West sought to clarify that the law enforcement service district was conceived by a citizen advisory group, not the county commissioners. “If any citizen thinks that we can have a budget that never goes up or down and that one number is always going to be held perfect, I don’t think they understand budgeting.”
Mancuso shot back, “Any elected official that thinks the public is too stupid to understand math probably shouldn’t be an elected official.”
After that dig, Baertschiger accused Mancuso of “grandstanding” due to his political aspirations. Mancuso disagreed: “This isn’t a campaign thing; if I was sitting out there, I’d be back there screaming it.”

Novak advised Mancuso that Sheriff Dave Daniel would be presenting before the committee June 4, and the matter could be addressed further at that time.

During public testimony, meeting frequenter Victor Zaitsev said he agreed with Mancuso’s assessment of voter expectations: “My understanding was that it was far less than what was needed for the immediate future and the excess would build over the years to carry the law enforcement sheriff funding well down the road. But apparently that’s not the case.”

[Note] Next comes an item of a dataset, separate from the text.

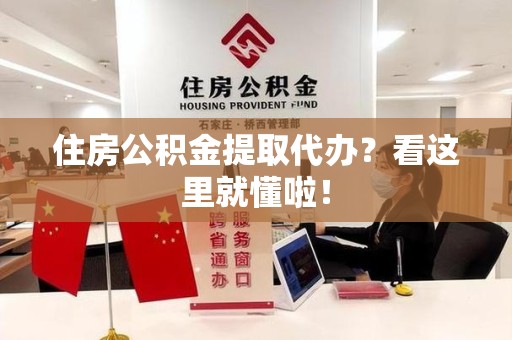 南昌住房公积金提取代办？看这里就懂啦！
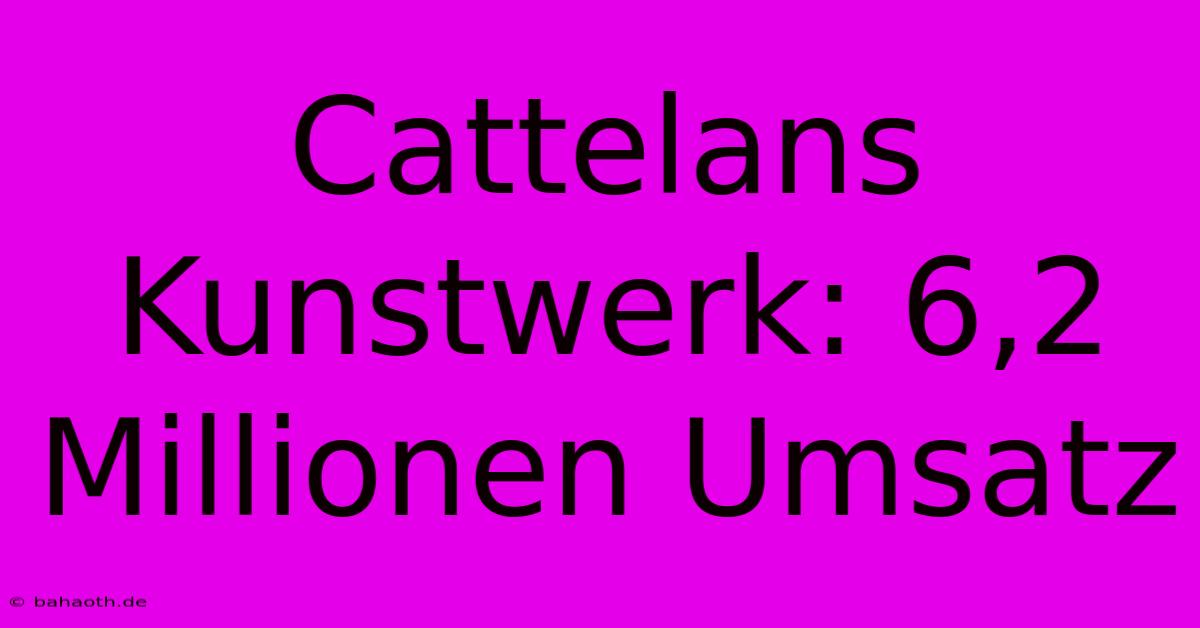 Cattelans Kunstwerk: 6,2 Millionen Umsatz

At the very end of the meeting, Baertschiger issued a challenge to the citizens of Josephine County regarding law enforcement funding: “We’ve struggled as three commissioners over this question. And so I challenge anybody, anybody, especially everybody here on the board to take this budget book and I will gladly entertain suggestions of where we can find money to move towards that. But just to come up and say, well, a certain percentage has to go; that’s not a solution. So bring the solutions… Show me where we can move the money.”

One citizen who took Baertschiger up on this challenge was former Grants Pass Finance Director Jay Meredith, who submitted to the Budget Committee a proposal for allocating more funds to law enforcement patrols.

Meredith believes that the sheriff would receive $1,533,800 more if his recommendations are heeded.

Among his recommendations:

-Add $87,000 in property tax revenue to make the projection accurate

-Increase the anticipated tax revenue from the new service district by $545,000

-Correct the property tax revenue projections in the Jail / Juvenile Fund to add another $388,000 in revenues to Fund 17

-Cancel the $169,800 transfer to the Jail / Juvenile Fund from the General Fund and instead send this amount to Fund 12

-Increase the transfer from the General Fund to the LE Fund 12 by 5% of the total LE Fund 12 budget, and increase transfers from General Fund to Fund 12 by at least $732,000 in FY25

The Budget Committee’s next meeting will be June 4, 4:30 p.m. in the Anne G. Basker Auditorium, where the following departments will present their requested budgets: Sheriff, Animal Shelter, Public Works, Veterans Services, Public Health and County Clerk.